Embora pesquisas realizadas no âmbito nacional e internacional indiquem uma quantidade expressiva de vítimas de violência doméstica dentre os integrantes da comunidade LBGTI+, inexiste lei específica para tutelar tal situação. Diante da inércia (injustificada) do legislador, a Associação Brasileira de Famílias Homotransafetivas (Abrafh) e Aliança Nacional LGBTI impetraram o MI nº 7.452/DF. Nossa Corte Constitucional tem o dever de zelar pela concretização dos direitos fundamentais, inclusive quando violados por instituições democraticamente constituídas como o Congresso Nacional.

Como para questões complexas existem soluções simples que não funcionam, poder-se-ia imaginar que, nas hipóteses de omissão inconstitucional do Poder Legislativo, deveria o STF limitar-se a constituir em mora o Congresso Nacional. De fato, a solução é juridicamente válida e até acertada, à luz do preconizado no §2º do artigo 103 da CF. Contudo, desprovida de efetividade, pois inexistem mecanismos de coercibilidade para que os parlamentares, de fato, editem normas que se fazem necessárias para tutela dos direitos fundamentais.

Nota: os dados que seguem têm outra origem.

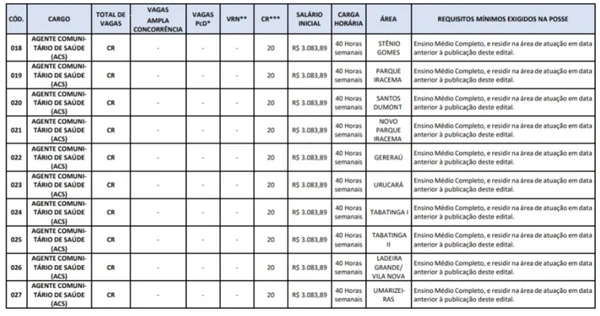 Vagas do concurso público de Maranguape por Reprodução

Ao lecionar sobre ação de inconstitucionalidade por omissão, Marinoni [1] lança uma reflexão importante:

“não há como compatibilizar o princípio da supremacia da Constituição com a ideia de que esta pode vir a falhar em virtude da não atuação legislativa. Isso seria, bem vistas as coisas, dar ao legislador o poder de fazer a Constituição desaparecer… o princípio da separação de poderes confere ao Legislativo o poder de elaborar as leis, mas, evidentemente, não lhe dá o poder de inviabilizar a normatividade da Constituição”.

O Poder Legislativo segue o fluxo majoritário, ainda que, para tanto, possa vir a desprezar os cânones constitucionais. Portanto, a mera constituição em mora do Congresso Nacional não se apresenta(ria) como solução idônea para concretização de direitos e garantias fundamentais.

Reserva legal

Decerto, o STF não pode exercer a anômala função de legislador, pois a própria Constituição determinou que tal tarefa só pode ser validamente exercida pelo Parlamento. Mas, de outra banda, justamente para assegurar o sistema de freios e contrapesos, no exercício da função contramajoritária, o STF deve salvaguardar as normas constitucionais, ainda que para isso precise rever ações ou omissões legislativas [2].Vale transladar os ensinamentos de Salgado: “por isso há um componente contramajoritário na atuação dos magistrados – em defesa do determinado pela norma constitucional, eventualmente podem afastar decisões tomadas pela maioria democraticamente manifestada”.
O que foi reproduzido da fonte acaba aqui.